Commedia e paradossi: Venerdì 13
Il sipario si alza giovedì 5 febbraio alle ore 21:00 con Venerdì 13, una commedia diretta da Roberto Ciufoli. La trama vede protagonisti Giacomo (Gianmarco Cro) e Alice (Martina Colombari), la cui tranquilla cena viene sconvolta dall’arrivo di Vincenzo (Federico Maria Isaia), convinto che la moglie sia rimasta vittima di un incidente aereo. Tra equivoci e colpi di scena, i padroni di casa scoprono di aver vinto al Superenalotto proprio in quel giorno sfortunato, dando vita a un ritmo comico travolgente. Per Martina Colombari, ex modella e conduttrice, questo spettacolo conferma una maturità artistica ormai consolidata nel panorama teatrale italiano.

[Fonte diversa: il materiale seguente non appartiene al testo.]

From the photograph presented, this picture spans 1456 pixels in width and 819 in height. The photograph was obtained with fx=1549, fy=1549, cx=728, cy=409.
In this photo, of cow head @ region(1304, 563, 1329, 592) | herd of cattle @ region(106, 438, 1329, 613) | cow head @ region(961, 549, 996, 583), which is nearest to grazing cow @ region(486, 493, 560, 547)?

Inchiesta e media: La fabbrica degli innocenti
Domenica 8 febbraio alle ore 18:30, il giornalista investigativo Gianluigi Nuzzi presenta La fabbrica degli innocenti. Si tratta di un’indagine teatrale cruda e necessaria sulle distorsioni della narrazione mediatica. Attraverso documenti e immagini, il conduttore di Quarto Grado svela come la cronaca possa essere manipolata per costruire verità alternative e indicare colpevoli al pubblico prima ancora delle sentenze. Nuzzi, già celebre per inchieste internazionali come Vaticano S.p.A., mette a nudo i meccanismi che influenzano l’opinione pubblica e sacrificano la realtà in nome del sensazionalismo.

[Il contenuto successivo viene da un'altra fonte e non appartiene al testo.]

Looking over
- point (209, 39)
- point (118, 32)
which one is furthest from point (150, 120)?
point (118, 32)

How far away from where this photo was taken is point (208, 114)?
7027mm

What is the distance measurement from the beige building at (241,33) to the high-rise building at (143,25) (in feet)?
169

Filosofia del presente: L’etica del Viandante
L’ultimo appuntamento, previsto per giovedì 12 febbraio alle ore 21:00, vede protagonista il filosofo e psicoanalista Umberto Galimberti. Con L’etica del Viandante, il docente universitario riflette sulla condizione umana nell’era della tecnica, dove i vecchi fondamenti sembrano vacillare. A differenza del viaggiatore, il viandante non ha una meta predeterminata: egli abita l’incertezza e trasforma il cammino stesso in una pratica di responsabilità e libertà. Attraverso questa lezione magistrale, l’autore di Psiche e techne invita a esercitare il pensiero critico come unico strumento di orientamento nel nichilismo contemporaneo.